Miss Bala, de Gerardo Naranjo (2011).

            Vouloir prendre pour sujet la guerre meurtrière que se livrent cartels de la drogue et autorités mexicaines à Tijuana, ville en état de guerre permanente, c’est une excellente idée, de salubrité publique pourrait-on même dire. Faire du destin individuel d’une aspirante reine de beauté entraînée malgré elle dans la spirale du mal et de la violence une métaphore du Mexique otage d’un combat douteux entre policiers et malfrats, pourquoi pas. Choisir de filmer le tout en longs plans-séquences au plus près des personnages d’un point de vue purement «behaviouriste» et donc sans jamais fournir la moindre explication, c’est un pari risqué mais après tout respectable.
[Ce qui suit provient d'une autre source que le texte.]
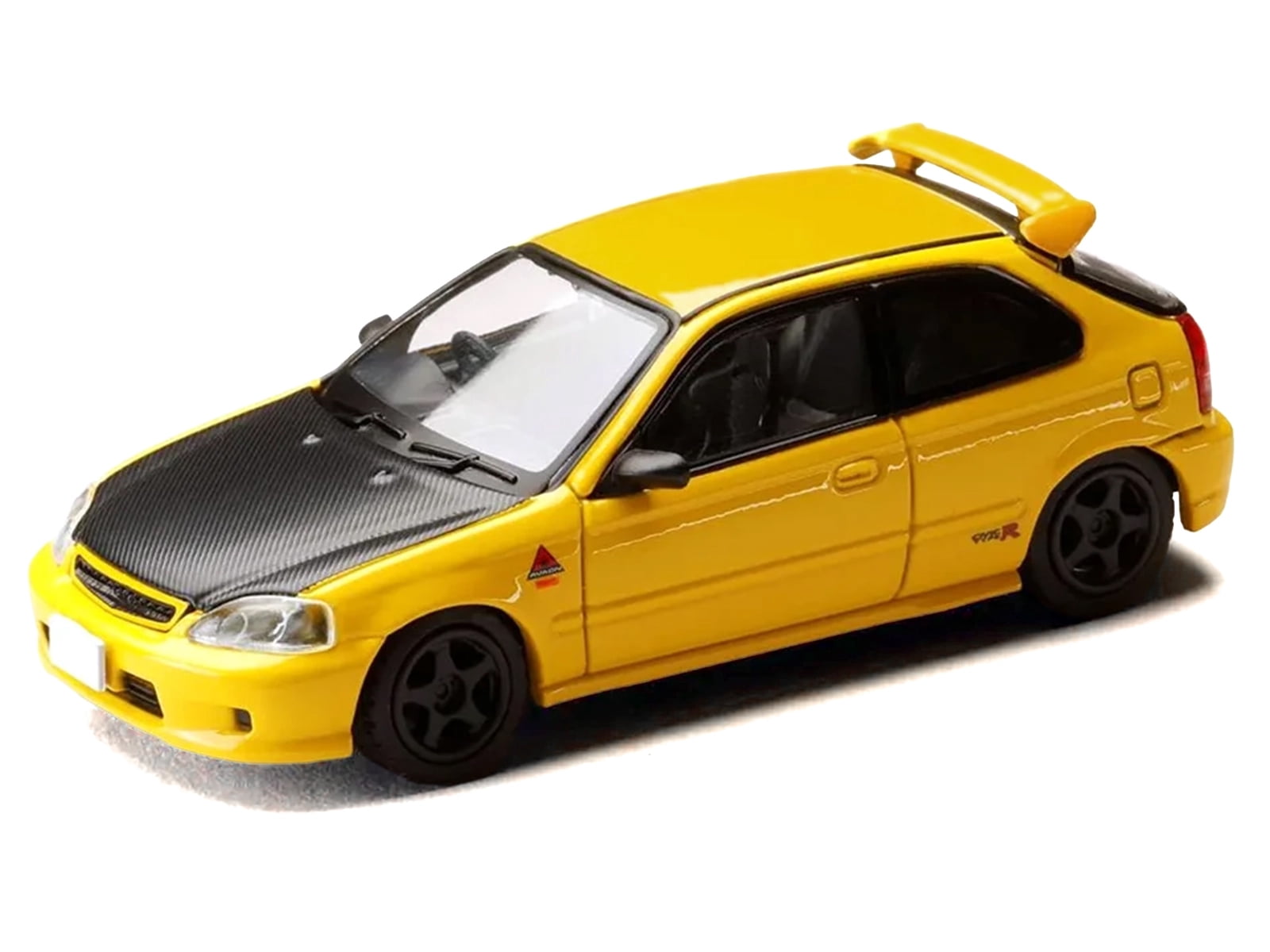 Honda Civic (EK9) RHD Yellow with Carbon Hood "Initial D" (1995-2013) Manga 1/64 Diecast Model Car by Hobby Japan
Reste que pour faire tenir ensemble des ambitions aussi contradictoires, pour que la mayonnaise finisse par prendre en réunissant tant d’éléments disparates, pour que le public enfin y trouve son compte tant en termes de pur spectacle que de réflexion politique, il fallait tout à la fois force et rigueur, savoir-faire et humilité, des qualités que l’on ne trouve guère ici, sinon à l’état d’éclairs fugitifs (le temps d’une fusillade sauvage en pleine rue par exemple), disparus aussitôt qu’entrevus. Bref, pour dire les choses en raccourci, Gerardo Naranjo n’est pas Francesco Rosi, pas même le parfois clinquant Steven Soderbergh (celui de Traffic, 2000, qui traite du même sujet mais en infiniment mieux).